The team moved through the house systematically, not entirely sure what they were looking for, so looking that bit more carefully.
‘Apparently, it was Tarrant’s fellow hunt stewards who pointed the finger initially,’ said Cooper. ‘Then, when he was pulled in, the girl he injured made a positive identification. So it just shows –’
‘Not all hunting people are bad, I know,’ said Fry.
‘They can’t risk someone like him giving them a bad reputation. Not any more.’
In the sitting room, Fry began to open the drawers of a small dresser, her gloved fingers moving through the contents. Some CDs, spare batteries, a pair of gloves. Luke Irvine was examining a desktop PC on a table in the corner. Was Tarrant the type to send a lot of emails? She doubted it, but you had to check. Just as Cooper came into the room from the kitchen, she touched something solid in the drawer. Her fingers closed around an unusual shape.
‘That’s odd.’
Cooper came over to her. ‘What have you found, Diane?’
‘I’m not sure.’
Fry showed him the object she’d found in the drawer – a small, flared brass and copper tube, no more than nine inches long.
‘Those things aren’t easy to use,’ said Cooper. ‘It takes a lot of practice to get it right.’
‘What is it?’
‘A hunting horn, of course.’
Carefully, Fry bagged the horn for evidence.
‘Adrian Tarrant must have had it,’ she said. ‘So it looks as though the kill call was real, after all – and Tarrant was the one who blew it. For a while, I thought the sabs were making it up.’
‘Rather a theatrical gesture, wasn’t it?’ said Cooper.
‘Theatrical?’ Fry thought of all the gleaming horses and red coats, the panting hounds and glossy boots, all the centuries of ritual and tradition. ‘Well, that’s what it’s all about, isn’t it? A bit of theatre.’
‘The kill call?’ said Irvine, straightening up from the PC when he overheard their conversation.

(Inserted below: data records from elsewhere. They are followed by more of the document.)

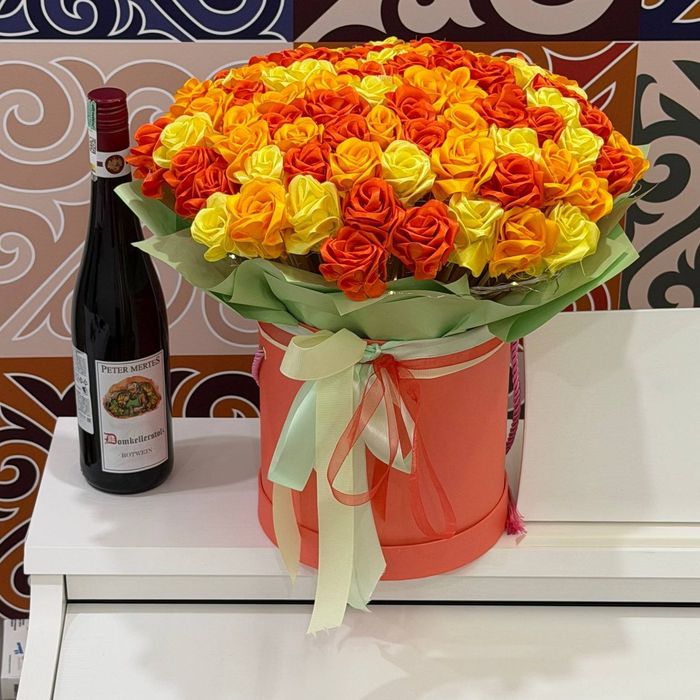 Шикарные букеты из 101 розы.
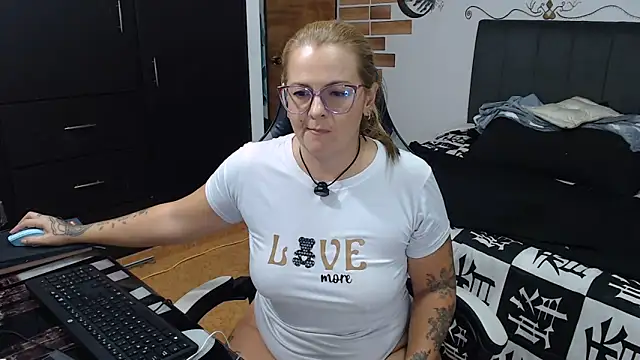 Snapshot of perlagoloza05 chatting on July 2026 02:34:01 AM perlagoloza05 online show from July 2026 02:34:01 AM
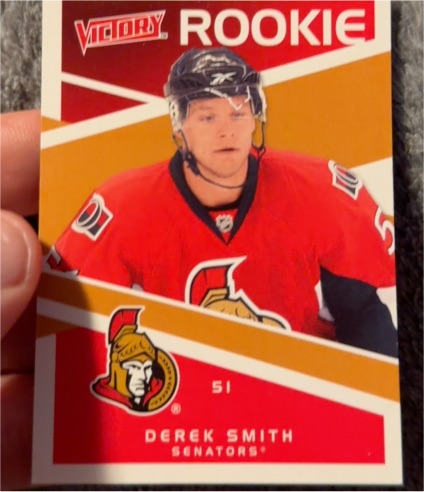 2010-11 Upper Deck Victory #240 Derek Smith — front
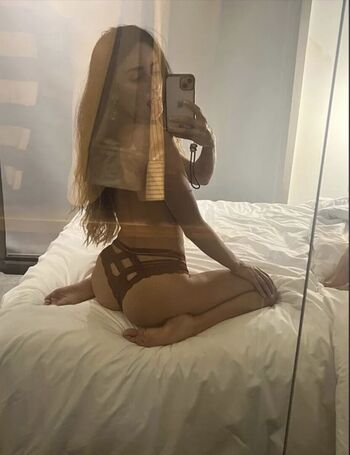 Evalifee laubrighterwoman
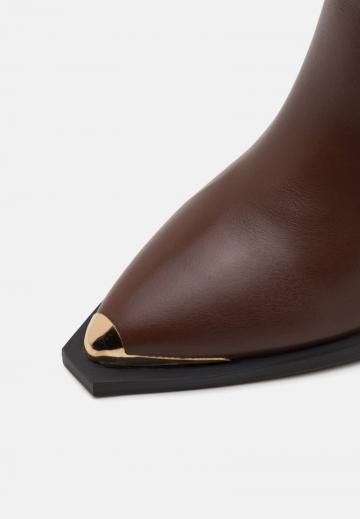 Туфли с высоким носом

‘It’s a hunting term,’ explained Cooper. ‘Three long notes, calling the hounds in to kill the fox.’
‘Oh, I see. It has another meaning, too.’

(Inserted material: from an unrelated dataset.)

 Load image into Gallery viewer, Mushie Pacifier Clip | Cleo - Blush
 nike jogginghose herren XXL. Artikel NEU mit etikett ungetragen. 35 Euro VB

‘Of course. Something to do with computer programming, isn’t it?’
‘Yes, it’s used in multi-tasking. The kill call lets one process terminate another.’
Fry looked around Adrian Tarrant’s home, sniffing at the beer cans and unwashed plates. ‘Well, let’s see if we’ve found enough to terminate Mr Tarrant’s activities.’

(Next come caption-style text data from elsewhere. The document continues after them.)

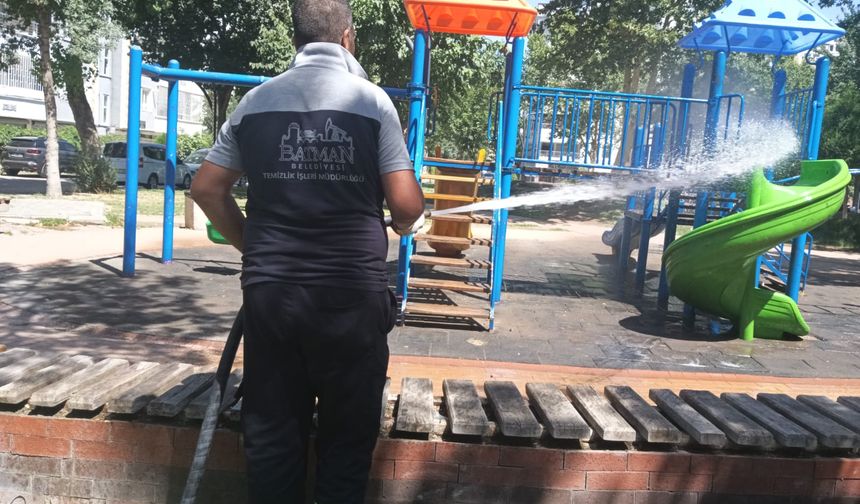 BATMAN’DA PARKLAR TEMİZLENİYOR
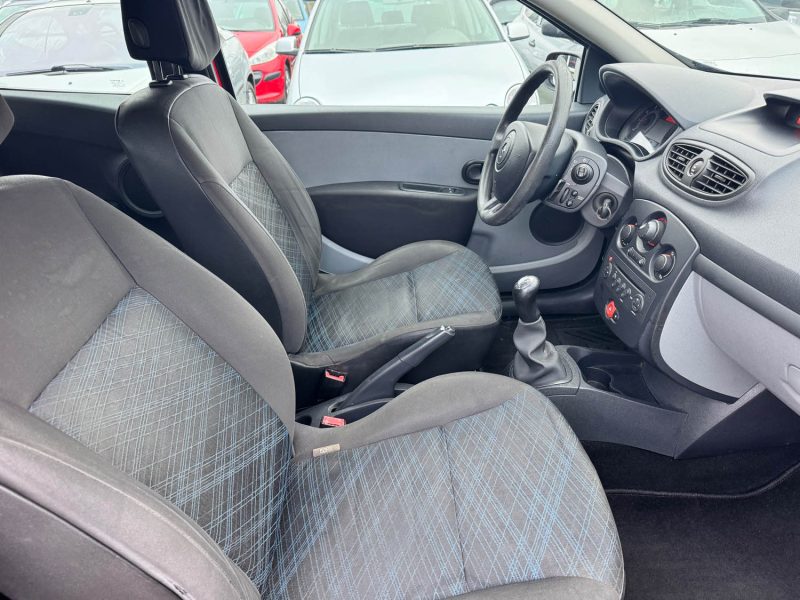 RENAULT CLIO 1.2 ESSENCE 75CH 2007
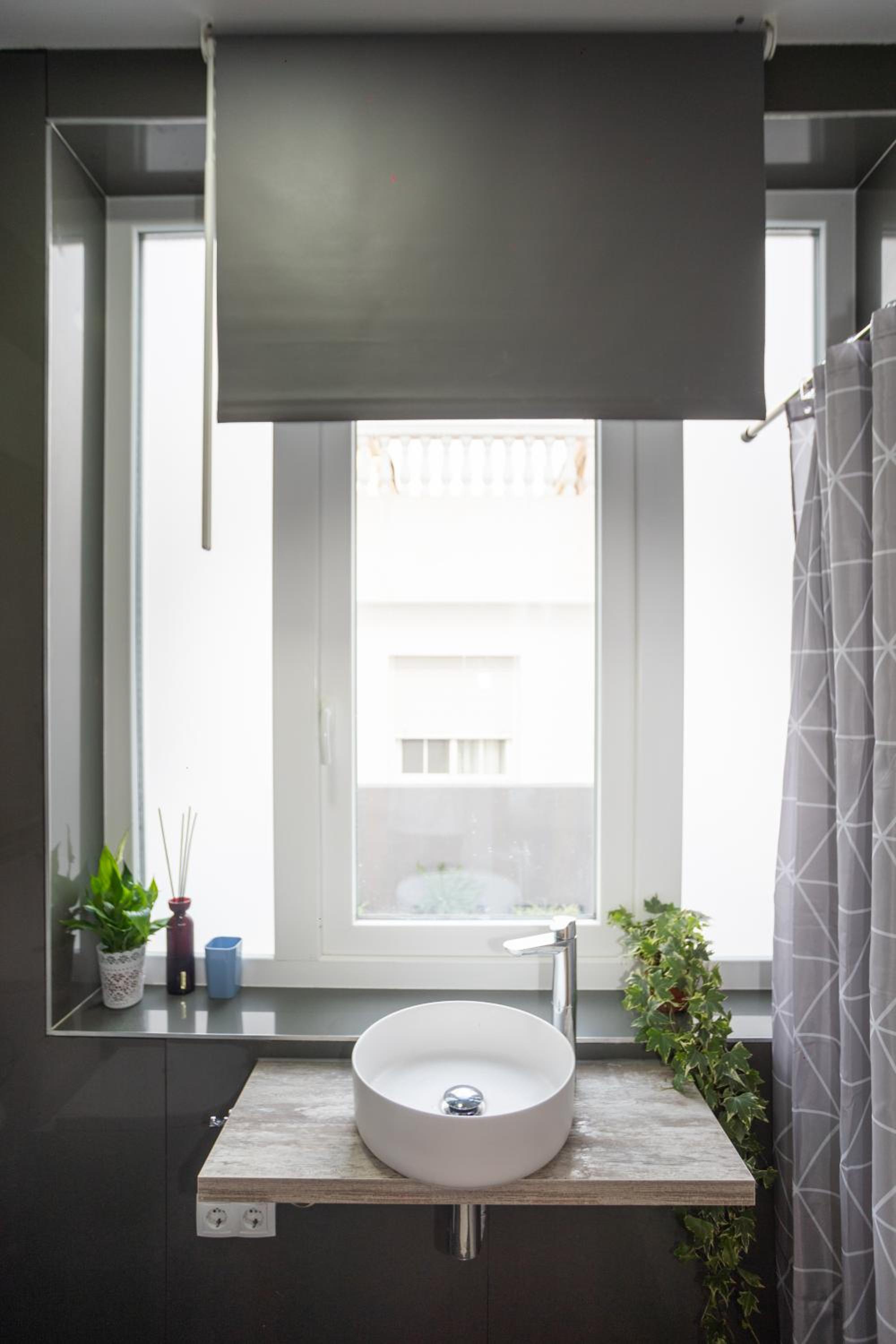 Double Room with Shared Bathroom photo 3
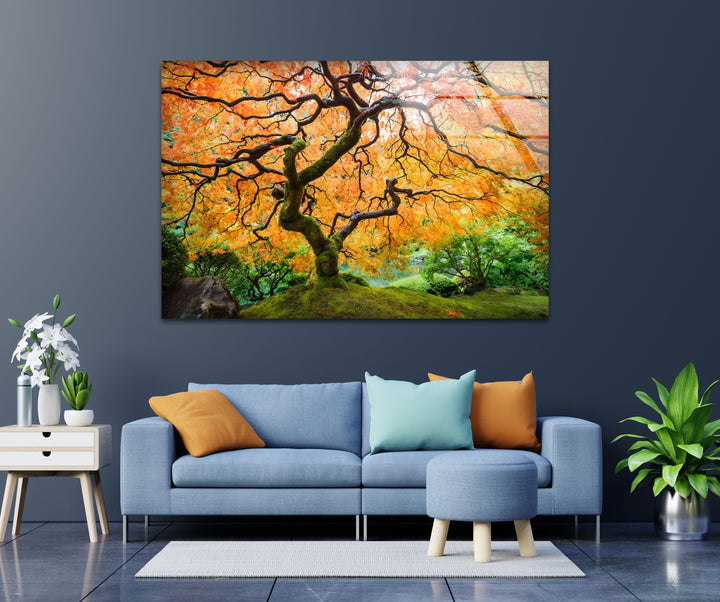 Golden Canopy Elegance – Japanische Ahorn-Glaswandkunst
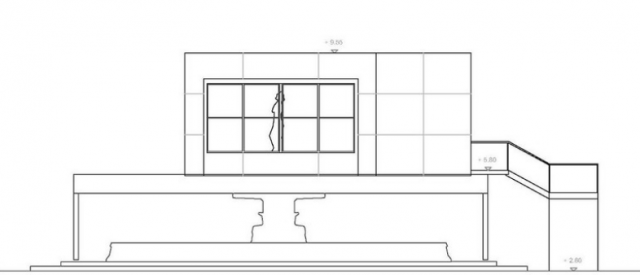 Tältä näyttää yhden huoneen Hotel Manta of Helsinki. Huomaa viisi metriä korkea Mantan patsas huoneen keskellä.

That afternoon, Fry spent a long time sitting across the table from Adrian Tarrant in an interview room, watching him as if he was an animal at the zoo. She wasn’t sure what sort of animal he would be. He might as well have been a hibernating bear, for all the communication that was going on between them.
Tarrant was silent, stubbornly so. He didn’t even need the presence of the duty solicitor to encourage him to go ‘no comment’. But now and then he raised his head and stared back at her. Fry remembered his eyes – those eyes that had stared at her as he ran past her near Birchlow on Tuesday, and again in the woods on Saturday.
‘Why did you kill Patrick Rawson?’ she asked. ‘Was it for money? We know you lost your job. Or perhaps you’ve got yourself into some kind of trouble? Do you owe a lot of cash? Is it for drugs?’
He remained silent, denying the tapes any response. These were facts that might come out some other way, and other members of the team were already at work in the CID room, phoning his ex-employers, former colleagues, members of his family. SOCOs and a search team were about to pull apart his house. But Tarrant wasn’t going to help. Why should he save the police time?
‘What did you use to finish Patrick Rawson off when the horse didn’t kill him?’
Fry really wanted to know the answer to that one. Her money was on the pickaxe handle that he’d been carrying when she saw him in the woods. She hoped the search would turn it up. Bloodstains were preserved well on a wooden handle. Patrick Rawson’s DNA would clinch it, even if Adrian Tarrant stayed permanently dumb.
‘How well do you ride a horse? Not well, I bet. You’re not the type.’
He didn’t rise to it. She hadn’t expected him to. In a way, he had only been doing what everyone else did, making a living by exploiting his natural talents. In Tarrant’s case, his talent was a capacity for violence.